It’s hard to say if marathon training contributed to those flare-ups, but my doctor and I agree that they have historically occurred during times of high stress. Going to college, studying abroad, getting promoted, and moving all triggered symptoms.
Marathon training can obviously fit that bill, but I wanted to give it another go. I hadn’t had a major flare-up in a few years, mostly because I found a medication that works for me. I also have an amazing gastroenterologist, who is actually a marathon partner. He understands how important running is to me, both for my physical and mental well-being, so we’ve worked together to figure out when I really need to back off and when it makes sense to keep running.
I’ve also identified my trigger foods (corn, popcorn, and jicama, which is actually one of my favorite foods), and I prioritize getting enough sleep, which for me is seven to eight hours each night. I think running helps too. Just being outside does wonders for my mental health.
But even when my Crohn’s is fully under control, it’s something I have to think about every day. It’s been like that all my life. Having been diagnosed when I was seven years old, I don’t even know what it would be like to wake up and leave the house, carefree. And this is even more true with respect to running.
Let’s say, for example, that I start my morning with an eight-mile run. On a normal day, even when I’m feeling fine and not having a breakout, I usually poop two or three times before I leave the house, and I usually make at least one bathroom stop on that run. I just guarantee myself that I’ll stop at that point because that’s when my stomach is most active.
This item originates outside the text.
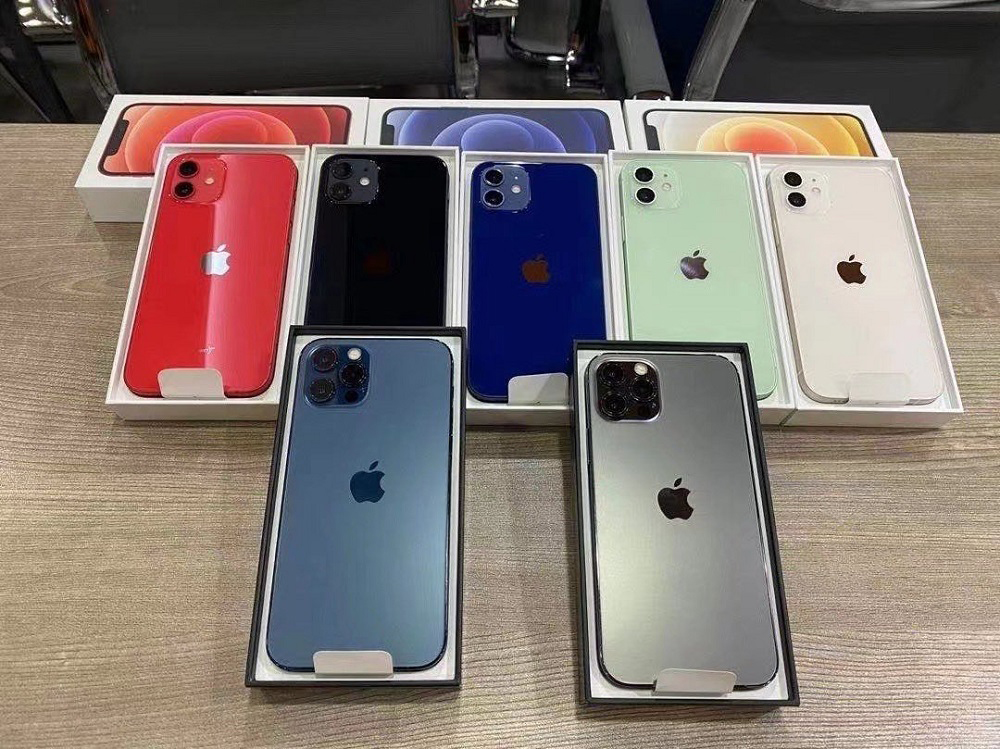 iPhone 12, iPhone 12: Ποζάρουν σε όλα τα χρώματα σε live φωτογραφία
I might go again once I get home, but by lunchtime, I’m usually good for the day.
It definitely took a bit of trial and error to figure out what works for me. And while I think everyone needs to experiment to find out what works for their situation, here are some of the strategies I keep coming back to that help me continue to adjust to Crohn’s disease.
Please bring your own bathroom essentials.
Being prepared is not negotiable. I’m not talking about “normal” things like dressing for the weather or making sure you have enough water. They are also important of course, but for me, I need to consider everything I might need in case I need to go to the bathroom when there are no facilities in sight.
I always carry paper towels and a ziplock bag to put them in, in case I can’t get to an actual bathroom and have to go outside. Unfortunately, that happens sometimes, and I hate it. I don’t think it’s funny or cute, but it’s not going to stop me from running.
In winter, carrying my bathroom gear is easy; I put it in the pockets of my running vest or jacket. In the warmer months I keep it in the pockets of my shorts if they are roomy enough. If not, I keep it in my Koala Clip, which is designed as a stand for your phone, but also works great as a place to keep other things.
Research the route in advance.
My pre-race preparation also includes route reconnaissance. Other runners check maps to check mileage and elevation, but I’m looking for restrooms. I’m not just trying to find out where the public toilets are, I also need to know the details. Need to request a password or access code? Is there likely to be a line? Is it just a single bathroom versus multiple stalls?